Bakery&Snacks took to the SIAL show floor – recently staged in Paris – to find out what’s trending in this arena.
Clean label and health-first
The shift toward natural and low-calorie sugar alternatives has led bakery and snack manufacturers to embrace ingredients that offer health benefits while maintaining the quality and sensory experiences expected from traditional products. However, this transition presents a challenge: sugar not only provides sweetness but also plays a critical role in the texture, browning and moisture retention of baked goods.
Producers, therefore, must root out sweeteners that replicate these functional properties without negatively impacting taste, cost or shelf life.

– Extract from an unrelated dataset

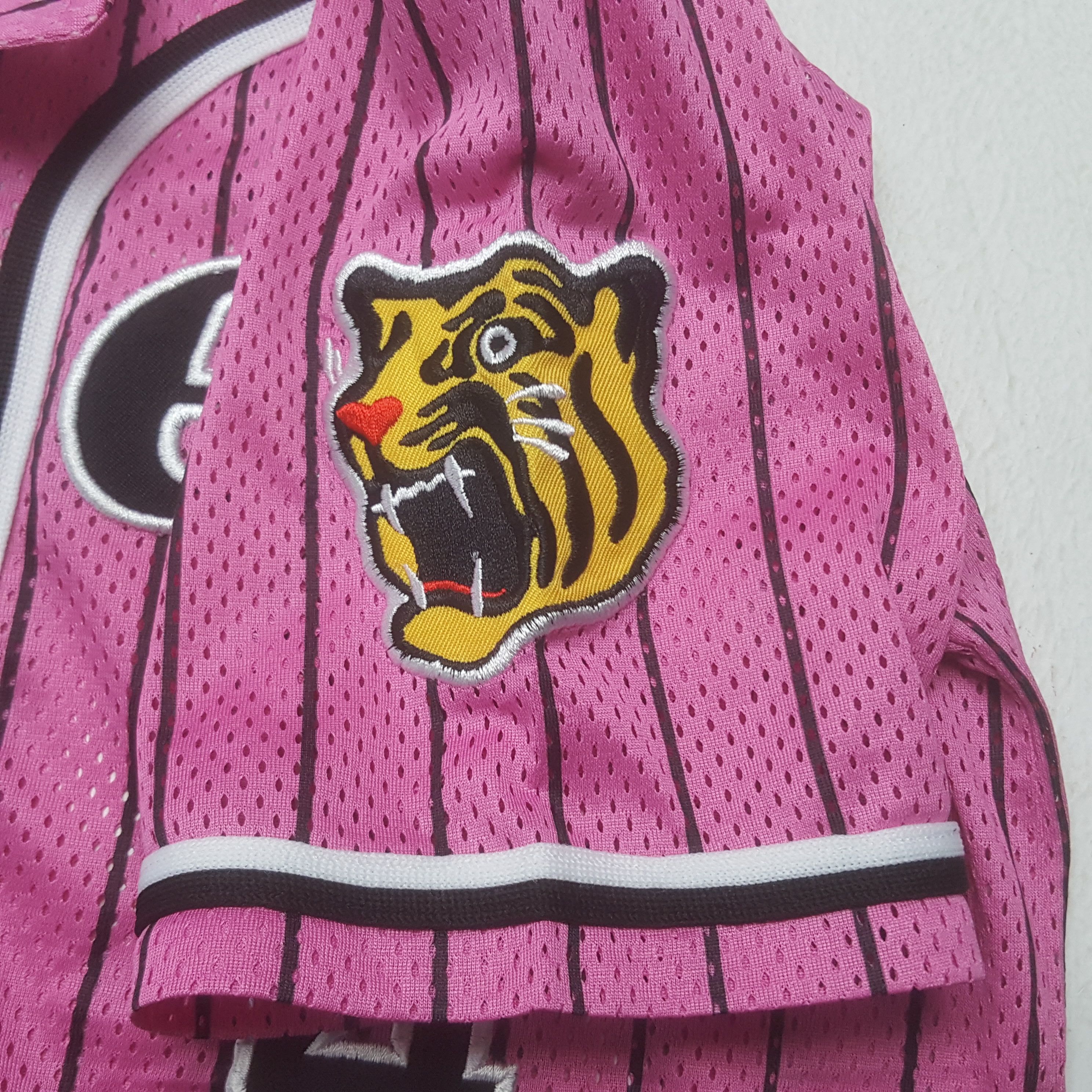 Vintage Vintage Tigers 4 Baseball Kit Tshirt Size US S / EU 44-46 / 1 - 6 Thumbnail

Among the most popular natural sweeteners in the bakery and snack sectors are stevia and monk fruit, both known for their plant-based origins and consumer appeal as clean ingredients.
Stevia – derived from the leaves of the Stevia rebaudiana plant – is up to 300 times sweeter than sugar, meaning only small amounts are needed to achieve the same sweetness. It has become a favourite for use in products like cookies, muffins, snack bars and breakfast cereals.
Monk fruit – native to southern China – offers a clean sweetness without the aftertaste sometimes associated with stevia. This zero-calorie sweetener, extracted from mogrosides in the fruit, is increasingly used in premium and health-focused products because of its versatility and the growing consumer preference for natural, low-calorie ingredients.
Despite their popularity, stevia and monk fruit come with formulation challenges. Neither provides the bulk that sugar contributes to baked goods, so manufacturers often combine them with bulking agents such as erythritol, fibres or other ingredients to replicate the texture and mouthfeel of sugar-rich products.
Another sweetener gaining attention is allulose, a rare sugar naturally found in foods like figs, raisins and wheat. Allulose is about 70% as sweet as sugar but contains only 10% of the calories, making it an attractive option for reducing sugar in bakery applications such as cakes, cookies and pastries. One of allulose’s key advantages is its ability to behave like sugar in terms of browning, caramelisation and providing texture.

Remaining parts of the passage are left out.